For the past few years, heat during the summer has appeared to reach record-breaking levels in many parts of the world. This year too, ‘extreme heat’ has led to scorching conditions in many parts of the northern hemisphere. Large parts of Europe, including the United Kingdom (UK), witnessed extreme heat levels. Similarly, on the other side of the globe, China is reeling under dangerous drought and unusual heat and India is seeing heat waves even during spring. The dangerous heat waves did not even spare places like Siberia and Canada. Worryingly, this trend is not going to recede; in fact, it is going to get worse.
A study published in Nature journal on August 25 says that in the decades to come, dangerous heat waves will hit much of the world more frequently – at least thrice more often than today.
The study says that with rising global temperatures, the tropical regions, including India, are likely to face extreme heat conditions almost daily by the end of this century. Even if the world reduces greenhouse emissions, this condition is likely to prevail, the study says.

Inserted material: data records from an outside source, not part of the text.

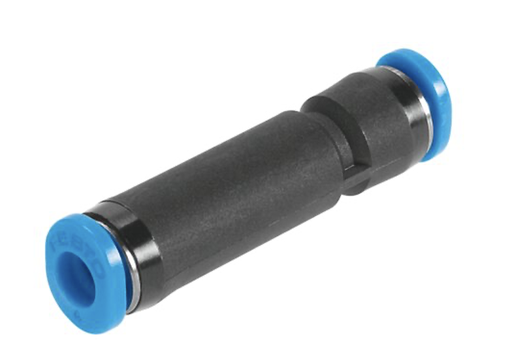 [QSK-6 (153440)] union auto-obturante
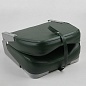 Кресло в лодку Classic Fishing Seat-зеленый 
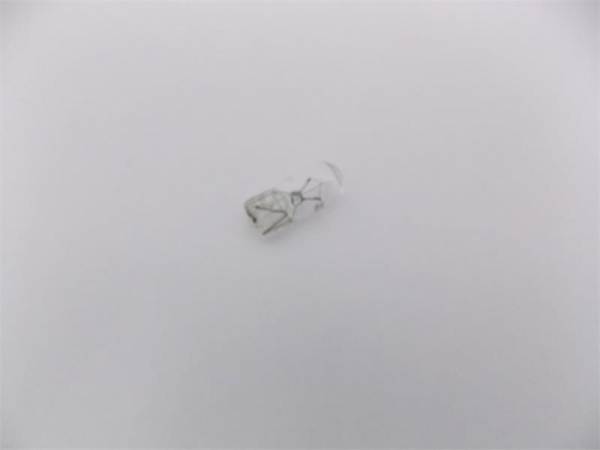 603-001 Лампа уровня масоа 12V1 7W 50 см3 (01, 02)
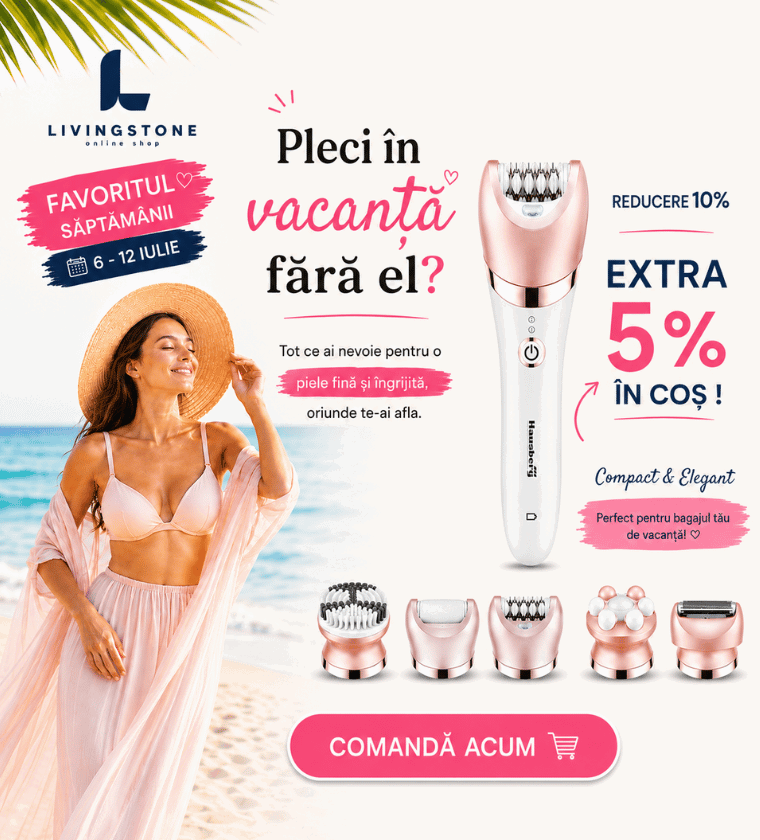 Produsul Saptamanii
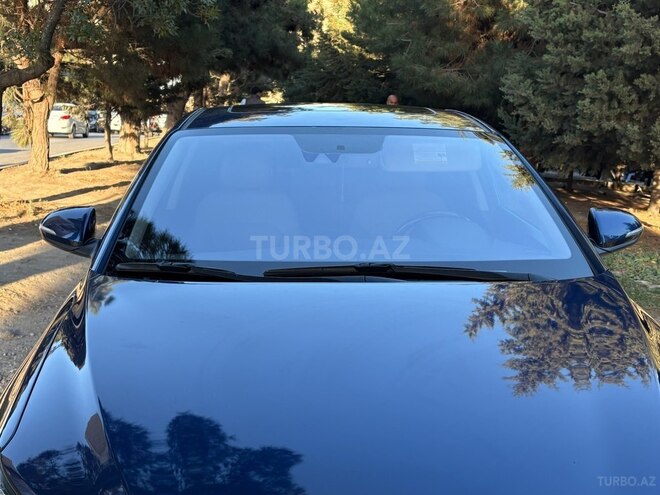 Hyundai Elantra 2016, 157,716 km - 2.0 l - Bakı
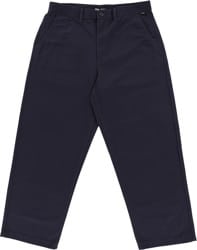 Vans Authentic Chino Baggy Pants - parisian night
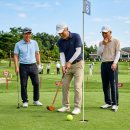 파크골프장 이미지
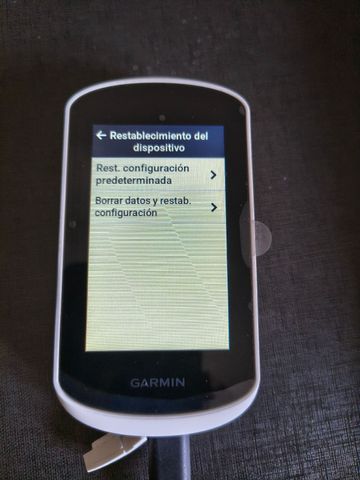 Used Garmin Edge Explore 2 bike — image 13 of 16
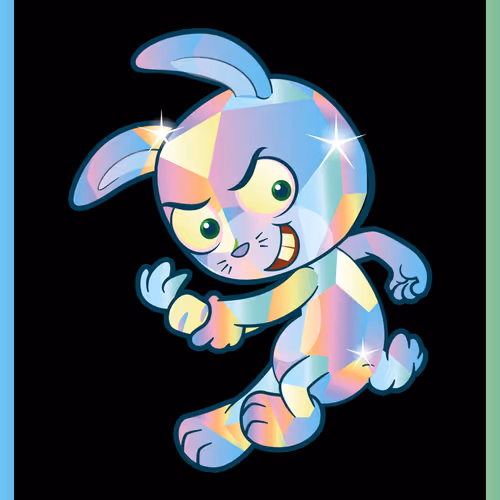 Veefriends Series 2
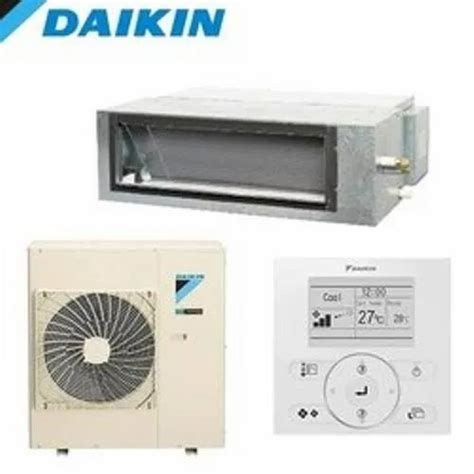 Daikin Ducted Air Conditioning Ton At Rs In Pune Id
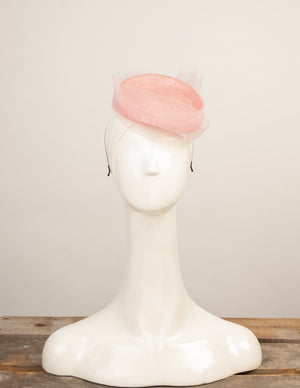 fascinator, hat - Fandacsia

The mid-latitude countries, including the United States, will not be spared either. In this region, the number of hot days with high temperature and humidity – which is enough for exhaustion – is likely to get doubled by the middle of this century, say by the year 2050. This trend will continue to rise, the study suggests. Temperatures of around 39 degrees Celsius or higher have been projected to occur 20 to 50 times a year by the middle of this century. This temperature range is occurring in these regions occasionally now. More so, the study authors say that the brutal heat and humidity combo can linger for the entire summer in parts of the US.
The researchers considered population growth, patterns of economic development and energy choices, and coupled those with climate models to project how the heat and humidity combination will change with time.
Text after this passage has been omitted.